Julian grinned but withheld comment. Drew said that he’d seen the Novada plantation and that if Mr. Caswell was going, he himself had better stay here. Swiftly Phil again looked at Julian. His nostrils twitched at her as if he were aware of the names she was silently hurling at him.

In the morning Gordon ran an expert eye over the boat, ordered a few tons of ballast to be stowed and gave the native hands a couple of days ashore. It had been decided that he, Clin, Roger and Julian would set sail straight after lunch and spend a couple of nights at the Novada. The morning after tomorrow they would return, getting in about mid-day.

Phil and Daphne were on the waterfront to watch the line cast loose and the
Blue Ray
move slowly in a breeze that gently filled the sails as they were hoisted. The engine churned up a soapy wake as it pushed south-east, between Valeira and the mainland.

Daphne seemed relieved to be without men for a period.

She read and tinkled at the piano, showed interest in Phil’s wardrobe and tried to fashion some of the little clay figures Which to Phil’s fingers came easy. They bathed twice a day and canoed round the lagoon. Daphne, who was highly superstitious, bought lucky shells and coins in the market and added a few pieces of palm-fibre basketwork to the heap of junk which she intended carrying away as mementoes of Valeira.

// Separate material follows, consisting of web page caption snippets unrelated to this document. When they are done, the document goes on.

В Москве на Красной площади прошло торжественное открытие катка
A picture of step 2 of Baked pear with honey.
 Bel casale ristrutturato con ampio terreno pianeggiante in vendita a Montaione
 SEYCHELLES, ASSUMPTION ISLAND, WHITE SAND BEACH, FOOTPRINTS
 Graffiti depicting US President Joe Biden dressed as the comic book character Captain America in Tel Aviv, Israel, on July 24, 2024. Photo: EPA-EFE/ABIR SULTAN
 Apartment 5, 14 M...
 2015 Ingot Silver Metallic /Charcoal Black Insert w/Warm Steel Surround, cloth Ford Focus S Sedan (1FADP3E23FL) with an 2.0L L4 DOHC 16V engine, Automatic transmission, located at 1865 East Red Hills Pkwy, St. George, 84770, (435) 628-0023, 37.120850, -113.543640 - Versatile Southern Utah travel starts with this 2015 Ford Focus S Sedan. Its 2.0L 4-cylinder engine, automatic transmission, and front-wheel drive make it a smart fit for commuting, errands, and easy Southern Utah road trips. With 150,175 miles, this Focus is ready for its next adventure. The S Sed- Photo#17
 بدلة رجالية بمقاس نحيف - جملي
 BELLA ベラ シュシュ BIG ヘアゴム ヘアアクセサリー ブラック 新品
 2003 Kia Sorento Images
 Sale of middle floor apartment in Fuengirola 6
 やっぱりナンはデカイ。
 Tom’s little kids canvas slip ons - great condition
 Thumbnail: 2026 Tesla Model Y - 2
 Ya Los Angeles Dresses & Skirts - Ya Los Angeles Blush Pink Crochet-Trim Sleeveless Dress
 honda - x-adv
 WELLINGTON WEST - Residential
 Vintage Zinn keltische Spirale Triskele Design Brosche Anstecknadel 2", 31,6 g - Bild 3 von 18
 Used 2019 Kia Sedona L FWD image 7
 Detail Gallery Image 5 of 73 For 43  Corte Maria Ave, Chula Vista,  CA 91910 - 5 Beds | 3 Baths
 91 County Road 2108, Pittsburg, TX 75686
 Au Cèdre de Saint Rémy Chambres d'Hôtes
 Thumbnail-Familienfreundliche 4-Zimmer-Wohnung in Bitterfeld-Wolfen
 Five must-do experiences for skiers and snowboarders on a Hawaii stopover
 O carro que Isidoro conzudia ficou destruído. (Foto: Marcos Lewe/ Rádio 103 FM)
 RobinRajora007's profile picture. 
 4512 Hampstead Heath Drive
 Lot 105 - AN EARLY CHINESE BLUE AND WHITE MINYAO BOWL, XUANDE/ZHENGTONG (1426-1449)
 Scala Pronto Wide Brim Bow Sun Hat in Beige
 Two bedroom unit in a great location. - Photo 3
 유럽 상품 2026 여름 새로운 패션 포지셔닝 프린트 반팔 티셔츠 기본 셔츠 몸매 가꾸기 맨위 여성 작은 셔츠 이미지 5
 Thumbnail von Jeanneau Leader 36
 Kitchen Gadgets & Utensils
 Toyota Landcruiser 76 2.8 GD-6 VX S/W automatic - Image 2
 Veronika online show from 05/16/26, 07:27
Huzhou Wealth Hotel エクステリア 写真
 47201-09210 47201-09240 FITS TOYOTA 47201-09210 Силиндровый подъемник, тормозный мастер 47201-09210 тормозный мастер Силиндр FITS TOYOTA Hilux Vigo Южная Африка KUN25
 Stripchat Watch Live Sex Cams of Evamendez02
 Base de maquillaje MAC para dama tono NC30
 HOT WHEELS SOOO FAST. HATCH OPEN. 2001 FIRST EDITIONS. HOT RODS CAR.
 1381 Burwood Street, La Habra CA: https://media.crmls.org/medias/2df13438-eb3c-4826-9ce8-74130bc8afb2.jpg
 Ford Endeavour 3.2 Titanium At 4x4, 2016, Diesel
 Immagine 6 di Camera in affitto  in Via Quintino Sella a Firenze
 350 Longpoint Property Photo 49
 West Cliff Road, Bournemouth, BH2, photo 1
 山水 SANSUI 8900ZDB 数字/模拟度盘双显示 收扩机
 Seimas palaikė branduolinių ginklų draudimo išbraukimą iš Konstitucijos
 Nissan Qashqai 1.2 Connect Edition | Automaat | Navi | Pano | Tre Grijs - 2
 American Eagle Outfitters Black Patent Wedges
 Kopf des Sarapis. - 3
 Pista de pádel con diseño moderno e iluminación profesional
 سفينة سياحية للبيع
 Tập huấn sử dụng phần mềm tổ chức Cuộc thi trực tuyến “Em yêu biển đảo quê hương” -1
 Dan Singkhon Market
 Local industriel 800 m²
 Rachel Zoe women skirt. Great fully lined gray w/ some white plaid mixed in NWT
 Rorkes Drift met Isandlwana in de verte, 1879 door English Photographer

“I have a feeling,” she said in thankful tones, “that once I get back to England I shall never leave there again. Of course, this holiday has been one I shall treasure—even apart from Gordon—but I’m so essentially a Londoner that I positively pine for cold nights and smelly fogs, the theatre and a cabaret once in a while. You’re an awful fool to hang on, Phil. We’d fix you up in London and help you to make friends.”

“Some day I’ll happen along and surprise you.”

“If one of these men doesn’t chain you to the island. Roger’s time is up first. As a husband he’s the safest bet.”

“Can you imagine me settling down in a small north-country town?”

“You wouldn’t have to. He’d go wherever you wished. Look at Gordon and me.”

Phil laughed. Young brides were notoriously matchmakers.

The time passed quickly. The second evening Matt and Drew were induced to dine with them and play whist.

In the middle of that night a wind freshened from the north-west and dry white lightning flashed through the slats of Phil’s bedroom window. She got up and peered out at the walls of cloud which appeared static on the horizon. Overhead it was clear and starry, but the palms threshed and the waves roared ominously with an evil echo. Some time soon the calm weather would break, but this might be only a warning.

Back in her bed she listened, and breathed a generous sigh when the wind lowered to a whisper. Nothing to worry about after all.

But by daylight the sky was brassy and there was no mist. Low on the sealine a jagged wall of cloud seemed suspended, awaiting reinforcement.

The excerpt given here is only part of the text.